Yesterday we wrote Oook, Oook! Ken Ham and Harambe. Today it’s the Discovery Institute’s turn. They just posted Killing Harambe — An Intelligent Design Perspective at their creationist blog.
This is great! Yesterday we got ol’ Hambo’s biblical view of things, and today we’re getting the Discoveroids’ interpretation. It was written by David Klinghoffer, a Discoveroid “senior fellow” (i.e., flaming, full-blown creationist), who eagerly functions as their journalistic slasher and poo flinger. Here are some excerpts, with bold font added by us for emphasis.
Over the Memorial Day holiday, zookeepers in Cincinnati made the correct decision to shoot and kill a gorilla, Harambe, to protect a little boy who had fallen into the animal’s enclosure.
That’s nice, but we want to know how he reached that conclusion. He tells us:
For the gorilla’s death, a first response might thus be to look for someone to blame — the kid’s mom, perhaps, for paying too little attention to what her son was doing, or the zoo, for failing to make sure the moat where Harambe was enjoying the water was secure against little climbers. But the truth is, unfortunate circumstances happen, sometimes unavoidably.
Whoa — hold on a minute! We’ve been studying Discoveroid science for quite some time now, and if we’ve learned anything, it’s that things don’t just happen. That’s the way those vile Darwinists talk about mutations. The Discoveroids are always telling us that when something improbable happens, it’s a great big clue that the intelligent designer was involved. How can Klinghoffer casually throw Discoveroid doctrine aside? We’re shocked — shocked! Let’s read on:
Given the choice between ape and boy, the zoo wisely chose to sacrifice the ape. They had no choice. … End of story? Not quite.
What else is there? Klinghoffer continues:
Harambe’s death has turned into a flashpoint between Right and Left [What?], addressed today, for example, by Ben Shapiro [Whoever that is] who writes:
[Klinghoffer quotes the guy:] The outrage over Harambe’s death springs from two groups: those who worship nature and those who refuse to acknowledge that sometimes bad things just happen.
BWAHAHAHAHAHA! This is incredible! It’s always those evil Darwinists who say that sometimes things happen. That’s what mutations and natural selection are all about. And it’s the creationists (including the Discoveroids) who insist that everything happens according to Plan. Now, suddenly, the gang that says “things just happen” are the good guys. Well, let’s keep going down the rabbit hole. Here’s more from Klinghoffer:
The impulse is always to react to strong feelings at the death of a “mere” animal by dismissing those feelings as self-indulgent liberal emotionalism. However, the perspective that recognizes design in nature offers a caution against this impulse. It’s a conservative habit to scold others for listening to feelings over intellect. Emotions, however, once investigated, often turn out to conceal wisdom worthy of respect.

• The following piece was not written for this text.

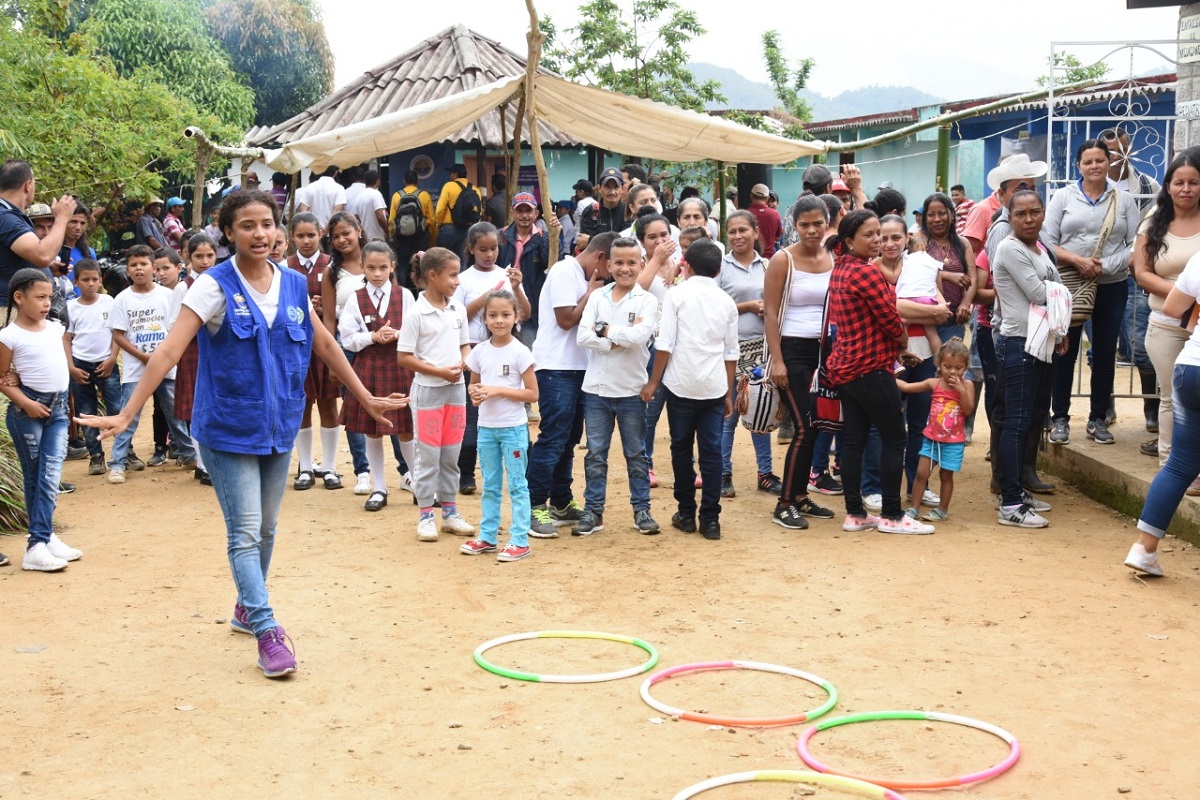 UNIMAGDALENA brindó acompañamiento social y médico a los habitantes de la vereda Corea en estribaciones de la Sierra Nevada de Santa Marta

What? Now we’re going to learn about the superiority of feelings over intellect. He quotes somebody who allegedly said, and the ellipsis is in Klinghoffer’s quote: “in crucial cases… repugnance is the emotional expression of deep wisdom, beyond reason’s power fully to articulate.” Then Klinghoffer tells us:
If that’s true of disgust, then maybe it’s also true of the instinctive response of wonder and exalted admiration when confronted with a gorilla. Such a creature directs our attention to a transcendent care for awesome beauty, hidden just behind the veil of nature. Add to this the animal’s critically endangered status, and is there enough to justify more than a dismissive “moment to be upset” about Harambe’s death? I think so.
But what about the “flashpoint between Right and Left,” that is, between “those who worship nature and those who refuse to acknowledge that sometimes bad things just happen.” Which side is Klinghoffer on? He seems to be all over the place. Moving along:
The design in nature extends everywhere, to animals and plants of all kinds. Yes, each has its place, and typically that place subordinates one to another, with all being subordinated to man.
Uh huh. The intelligent designer — blessed be he! — has given us dominion over them. It seems we read that somewhere. Anyway, if you’re as confused as we are up to this point, perhaps Klinghoffer’s final paragraph will clear things up:
There was, again, no rational choice as to whether to sacrifice an ape to save a boy.
But this shouldn’t negate feeling shocked, even outraged, at the gorilla’s death if it could have in any way been avoided. We are entitled not only to experience such a feeling but also to justify it on rational grounds. Even if the death could not have been avoided, sensitive and thoughtful people should not dismiss our intuitive response — mourning the destruction of a magnificent and rare monument to intelligent design.
What in the world did he say? Can you figure it out, dear reader?